In America, well-being mobility, in a sense, comes to you without you having to go it. You don't have to be income-mobile to improve your quality of life. But that doesn't mean that Americans don't have income mobility. Far from it. Odds are, anyone who makes basically sensible life choices such as going to college, getting and staying married (preferably to a working spouse), and working full-time will find themselves in the top income quintile in their peak earning years.

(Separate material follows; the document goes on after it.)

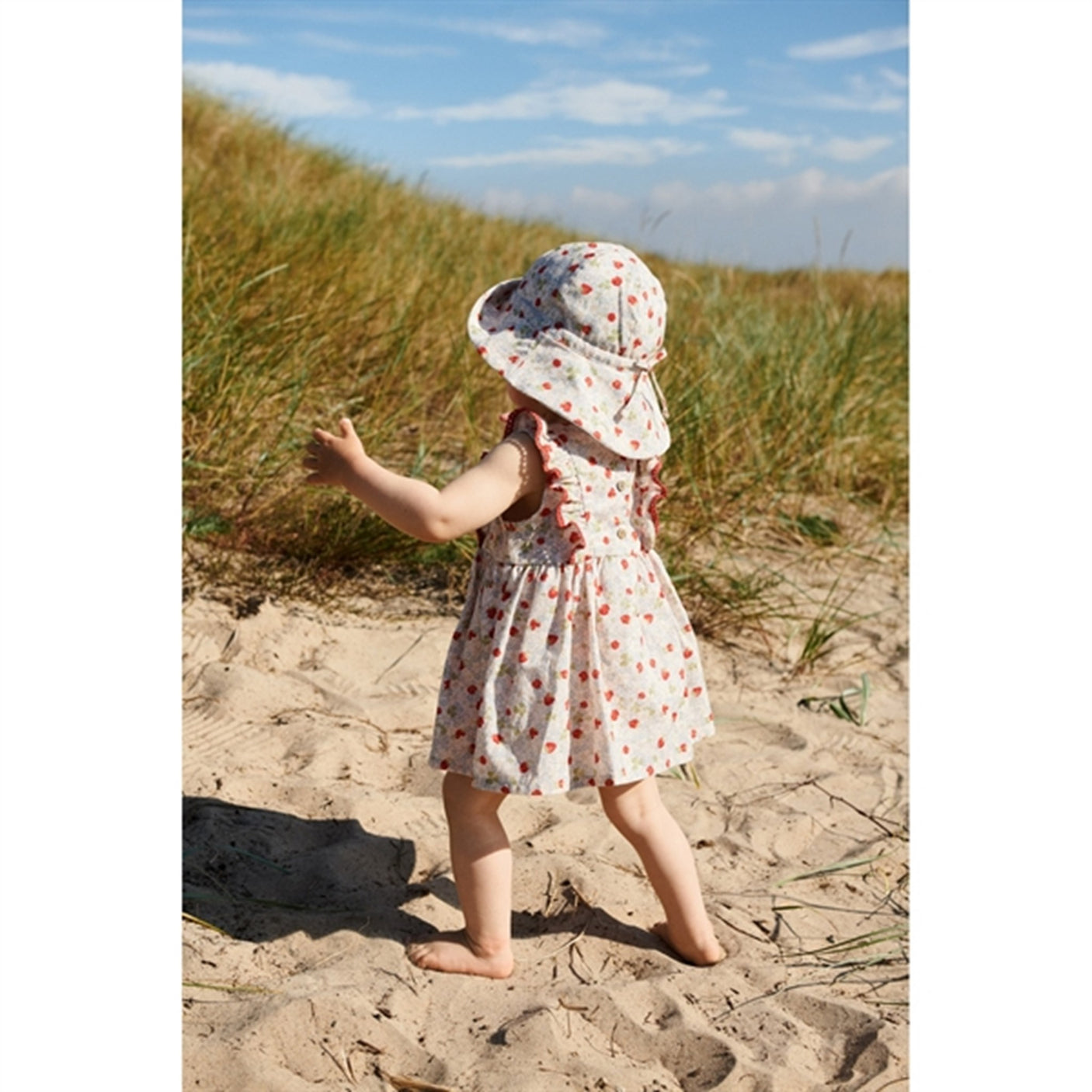 Wheat Rose Strawberries Body Dress Suit Lace Sofia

This allows more Americans to be "threshold earners": After they reach a certain income level, they can trade more work for greater leisure, a luxury that only the filthy rich enjoy in poor countries. Were this not the case, the ranks of the Zuccotti Park protesters might have been thinner by about a third. A recent survey by business analyst Harrison Schultz and Baruch College professor Hector Cordero-Guzman found that about 30 percent of them had individual incomes between $50,000 and $150,000-plus (about the same percentage as are under- and unemployed). These people have obviously decided that they have enough money, and that they'd rather use their spare time protesting than working.

Surplus wealth, then, is driving the Occupy Wall Street movement as much as the alleged growth of income inequality. Somewhere, Joseph Schumpeter, the political economist who predicted that the very wealth that capitalism generates will undermine the intellectual case for capitalism's existence, must be saying, "I told you so."